Where to obtain datasets for training? #62

chrisspen · 2020-08-05T18:47:54Z

In your README, you say you trained your model on the TED and Europarl datasets. Where did you obtain these? I can't find any public download links for anything matching those names.

I'd like to train my own model, using those as a starting point, but these datasets don't seem to exist anywhere.

ottokart · 2020-08-06T09:51:53Z

Hi,

Europarl can be downloaded from here: http://hltshare.fbk.eu/IWSLT2012/training-monolingual-europarl.tgz

The TED dataset was preprocessed by the authors of http://www.lrec-conf.org/proceedings/lrec2016/pdf/103_Paper.pdf and the resulting dataset is shared at: https://drive.google.com/file/d/0B13Cc1a7ebTuMElFWGlYcUlVZ0k/view
I used this simple script to convert the format of the files: https://drive.google.com/open?id=1sW23C4kqRJ6rDSBurco8_0lJ3VZJIkta

chrisspen · 2020-08-07T02:21:42Z

Thanks.
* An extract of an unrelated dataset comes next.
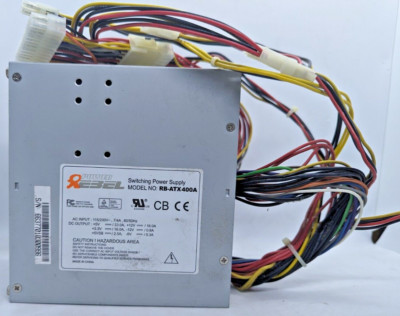 POWER REBEL SWITCHING POWER SUPPLY Model# RB-ATX400A 230V S/N 66377010300996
However, how do you use that converter.py script on those archives? Each archive contains multiple files.

For example, the LREC archive contains files dev2012, test2011, test2011asr, and train2012. I'm not sure what the difference is between test2011 and test2011asr. The readme just says it's "for ASR output", which tells us nothing. Do I need to convert all of these files?

How do I combine this with the Europarl file? There only appears to be one, europarl-v7.en, and it seems to be in a very different format than the LREC files, as it contains full sentences, whereas the LREC files appear to contain pairs of tokens.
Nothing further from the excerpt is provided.